Your efforts are not wasted.

Thank you for all the effort you put in.


----------



## werecorpse

I read it almost daily, favorite is D&D and Community news


----------



## KentDT

I read it daily as well. Very convenient, thanks


----------



## Psimancer

I read the news page every morning. It is the only rpg site/page I visit habitually. The only reason I go elsewhere these days is because of this page.


----------



## Whizbang Dustyboots

It's the most important page on the site in my mind. I read it daily.


----------



## snotling

I read the front page daily. It is my source of all that is important for me in the land of RPG.  Each section I read.
Thanks for keeping it up!


----------



## usagi2988

I'll put it this way: when there aren't any updates (gods help my cats when this occurs), I punch a kitten in the neck.  

Seriously, I check EN World Daily News Blog before I check Reddit... and that's saying something.  And when there isn't an update in the morning, I check it throughout the day at work just in case there *will* be an update.  And the news/links that are found in the Daily News Blog constitute about 1/3 of the stuff I resend out to friends.  And that's the truth.


----------



## Enforcer

I read the front page!


----------



## Vicente

I read it daily start to end


----------



## Argyle King

It's hit or miss for me.  I appreciate the news page.  That being said, as I drift further from the d20 family, the news tends to become less relevant to me.  I understand that Enworld is primarily geared toward D&D and Pathfinder, but seeing a little more from outside the Red Box would be nice.


----------



## Lord_Blacksteel

Yes, I check it regularly - keep up the good work!


----------



## Stilvan

I read this page daily.  Honestly it's the only reason I come here.  Just being straight with you.  Once in a blue moon I'll check the forums.


----------



## TerraDave

yes, read it.

For many years now.

(note, actually figuring out how to post this comment took some work)


----------



## messy

i read it as much as i can (which is almost daily).


----------



## Ti-bob

Often, I just read the News page beacause I don't have the time to read more :-/


----------



## Guilberwood

I also read the news page every day. It's very useful. Keep it


----------



## cordinc

I read this page every day it is posted. I just do a quick check of whether there is something around that I'm interested in. So I like its brevity and wide range. I don't follow any other gaming news on twitter (other than your feed), facebook or others. I think its a great service and thankyou for providing it!


----------



## Ojin

I've been lurking since the days of Eric Noah's Unofficial 3rd Edition News, and the it's the news page (amongst other things) that keeps me coming back; there's just so much information in one handy spot.


----------



## Dragonblade

I read this page daily. I don't post on the forums as much as I used to, but I still come here for the news. Without the news page, my visits to EN World would be more like once a week instead of every day.


----------



## Elodan

The news page is my landing page for a reason.  I read it every time I come to EN World (3 - 7 times a week).  I even go back to read what I missed in between site visits.

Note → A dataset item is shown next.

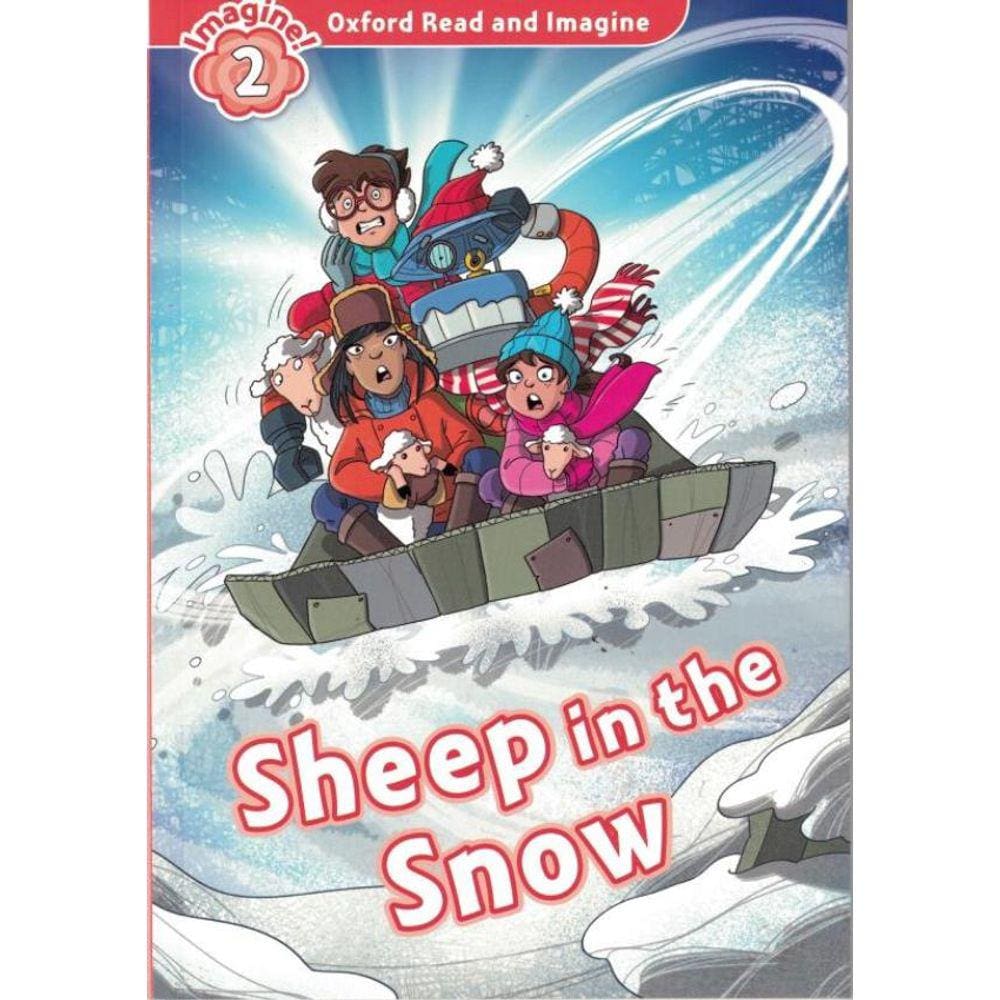 Sheep In The Snow - Level 2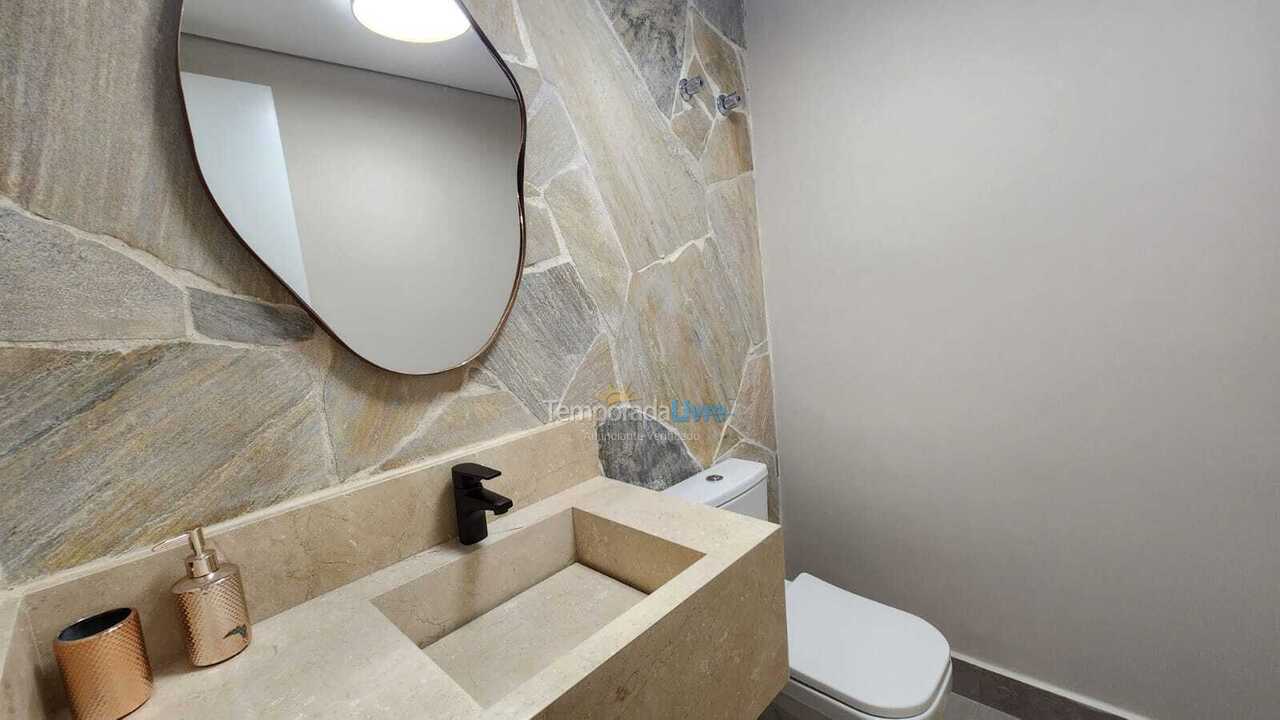 Apartamento para alquiler de vacaciones em Bertioga (Riviera de São Lourenço)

I mainly read D&D, Pathfinder and Other RPG sections.

Some suggestions:
 * Put the name of the board game at the beginning of the new bulletin; much easier to skim and find games I'm interested in (like the other sections).
  * Maybe try green instead of orange so quotes show up better with the Reborn skin.


----------



## Stork1

ENWorld news page is my main source of RPG info and I read it everyday there is new info on it.


----------



## Zaukrie

I read it every day. Love the synopsis of what is going on.


----------



## Mortaz

Read it everyday. It's why I come to EN World


----------



## Penthau

I read it all daily in my rss feed.


----------



## Alarian

I read it almost daily as well. I'm more interested in non-DnD news but I skim it all.  I don't ever go to the Facebook page and only occasionally check twitter.


----------



## Guillaume

I have been a reader of EN World since the time of Eric Noah's D&D page. While I used the forum for a long time, I have found over the years conversations tend to repeat themselves. The forums do not grab my attention these days. The news page is another matter. I tend to read it daily. It is almost my only stop nowadays on ENWorld. I would probably not frequent the site but for the news page these days.


----------



## JRRNeiklot

I come here.  I have no use for Facebook or Twitter or any similar site.


----------



## DrSpunj

I read this news summary near daily. I most appreciate the D&D/WotC updates and the Board game sections but have found most all the other categories interesting and/or useful at different times. Thanks for all your ongoing efforts!


----------



## GlassEye

I read the news page almost daily paying particular attention to Pathfinder News, RPG News, and Community News.  I skim the rest and pretty much ignore Boardgaming News.


----------



## Votan

Definitely read the news


----------



## techno

This page is the main place I go to everyday for RPG-related news. Aggregating this information in one place is one of the biggest value-adds of this site IMHO.


----------



## Zot

I read it daily.


----------



## Matthew X Munoz

I ONLY read this page. Please leave it be, its fine just the way it is


----------



## Mark Oliva

It's only the most important part of EN World for me.  That includes everything but Boardgaming News.


----------



## thepriz

I read this everyday to get my RPG news fix. After checking my email, I read this news column.


----------



## MortalPlague

I read it.  I've found some really interesting things I wouldn't otherwise have noticed, especially kickstarters and RPGs other than D&D.


----------



## Yasumoto

Follow you on twitter, and read your pathfinder-related news here daily


----------



## Eccles

I have only 'discovered' the news page post-hack. For some reason it didn't appeal to me before.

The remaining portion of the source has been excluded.